Input data

+ + + + +

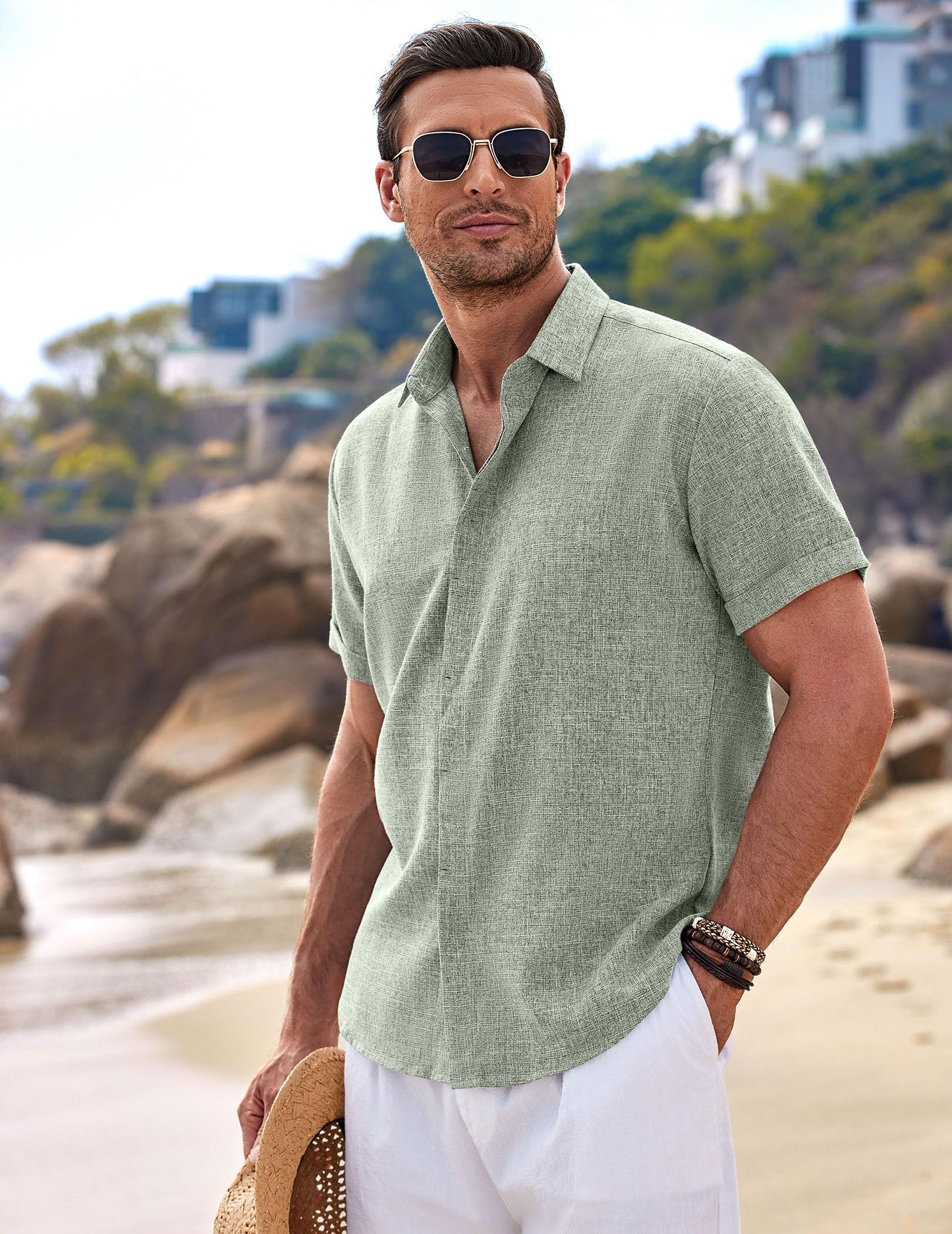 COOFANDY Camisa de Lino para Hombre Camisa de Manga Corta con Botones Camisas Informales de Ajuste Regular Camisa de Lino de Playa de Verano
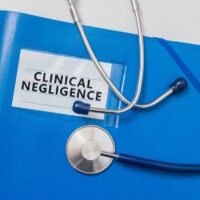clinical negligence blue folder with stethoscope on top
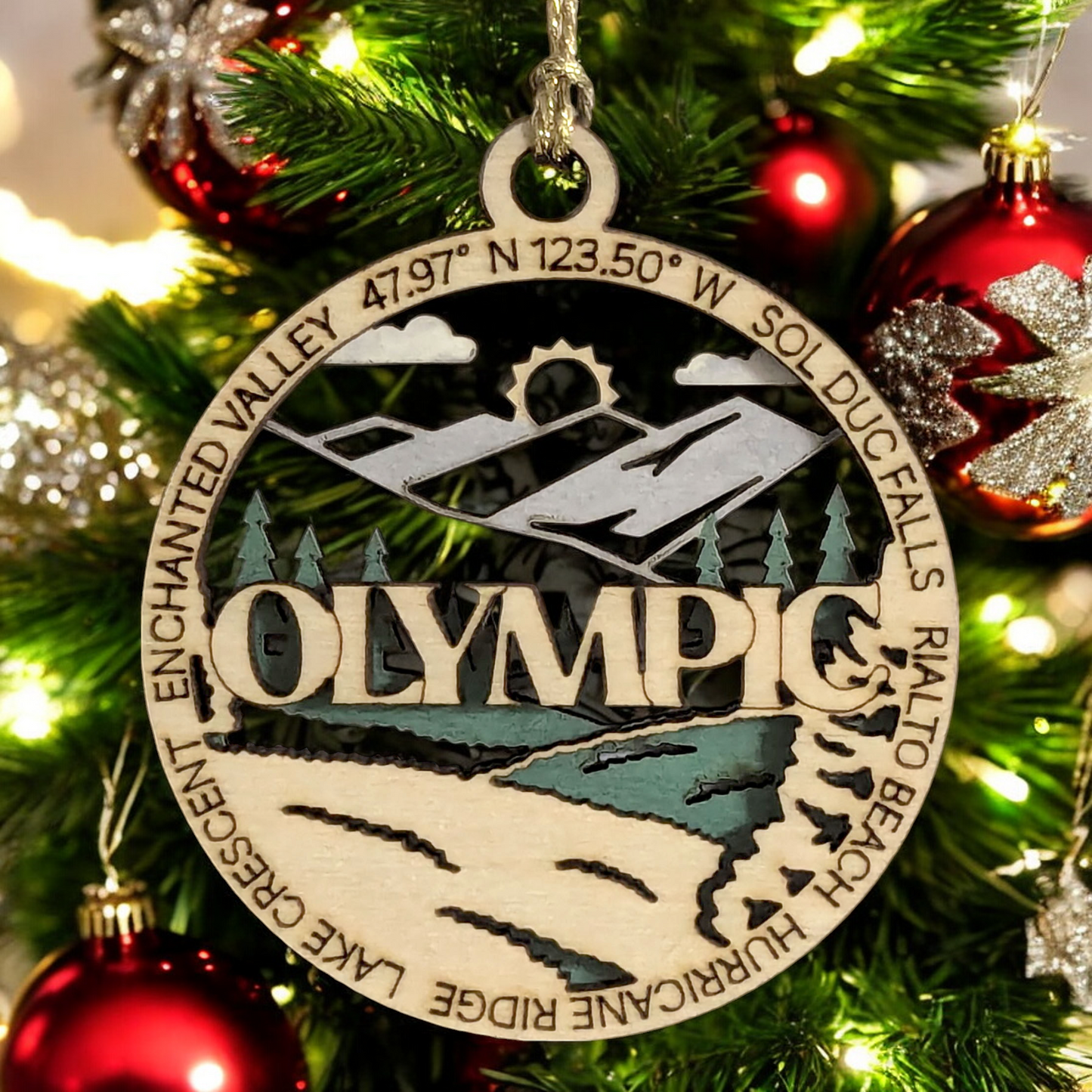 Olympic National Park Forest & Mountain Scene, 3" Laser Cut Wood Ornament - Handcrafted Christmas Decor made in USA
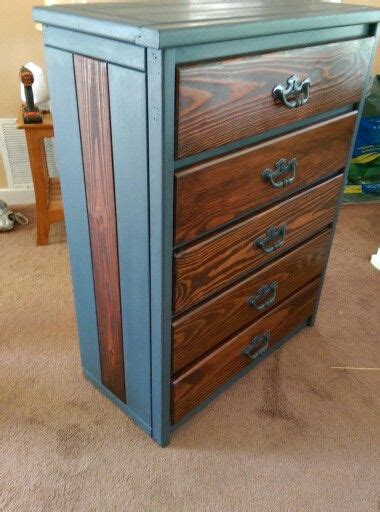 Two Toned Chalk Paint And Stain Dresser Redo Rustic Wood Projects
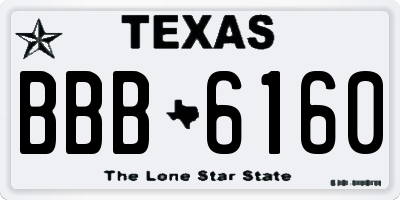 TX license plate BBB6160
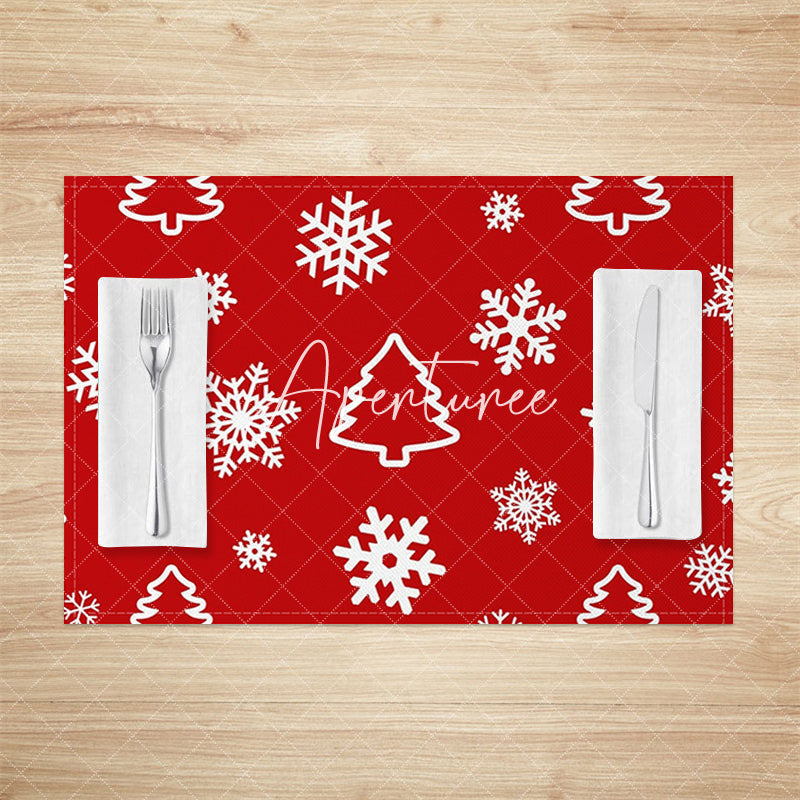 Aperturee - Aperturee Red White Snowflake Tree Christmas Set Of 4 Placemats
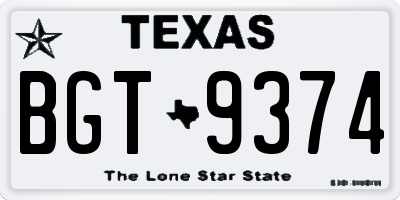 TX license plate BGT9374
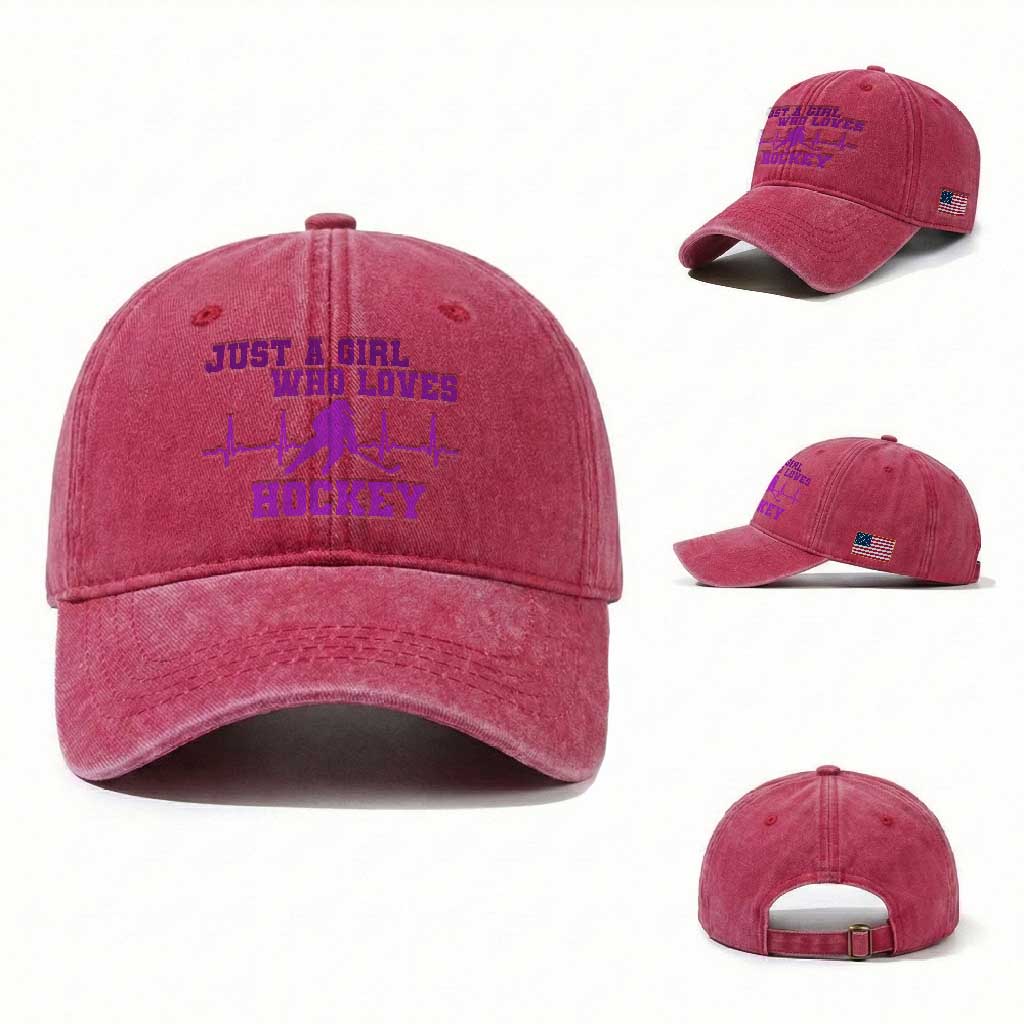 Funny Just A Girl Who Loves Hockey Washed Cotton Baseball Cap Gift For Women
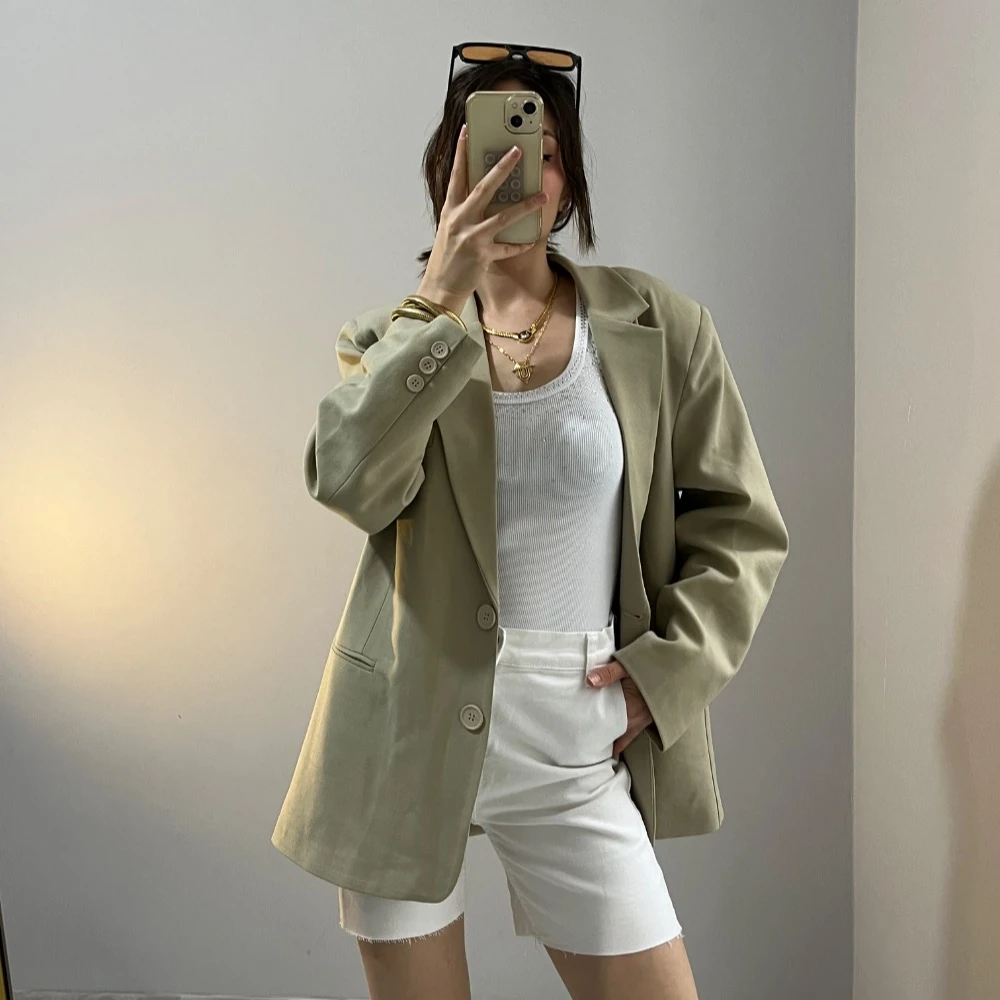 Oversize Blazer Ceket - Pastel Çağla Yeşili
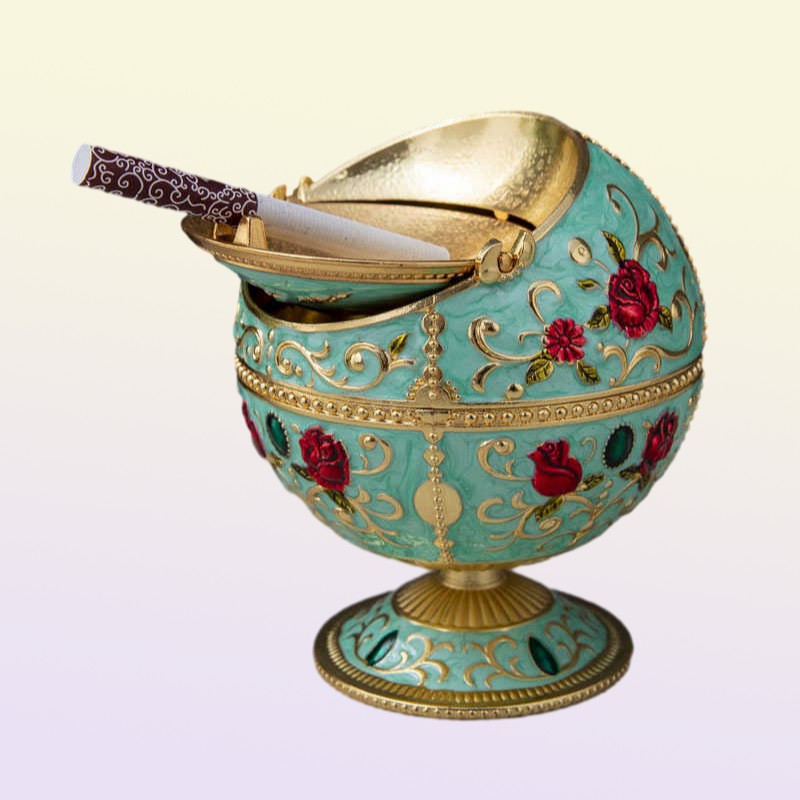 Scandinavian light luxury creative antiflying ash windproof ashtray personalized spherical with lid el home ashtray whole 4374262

+ + + + +

Task item
If an entry contains a picture, skip the picture and reproduce everything else exactly.

Task solution
 COOFANDY Camisa de Lino para Hombre Camisa de Manga Corta con Botones Camisas Informales de Ajuste Regular Camisa de Lino de Playa de Verano
clinical negligence blue folder with stethoscope on top
 Olympic National Park Forest & Mountain Scene, 3" Laser Cut Wood Ornament - Handcrafted Christmas Decor made in USA
 Two Toned Chalk Paint And Stain Dresser Redo Rustic Wood Projects
 TX license plate BBB6160
 Aperturee - Aperturee Red White Snowflake Tree Christmas Set Of 4 Placemats
 TX license plate BGT9374
 Funny Just A Girl Who Loves Hockey Washed Cotton Baseball Cap Gift For Women
 Oversize Blazer Ceket - Pastel Çağla Yeşili
 Scandinavian light luxury creative antiflying ash windproof ashtray personalized spherical with lid el home ashtray whole 4374262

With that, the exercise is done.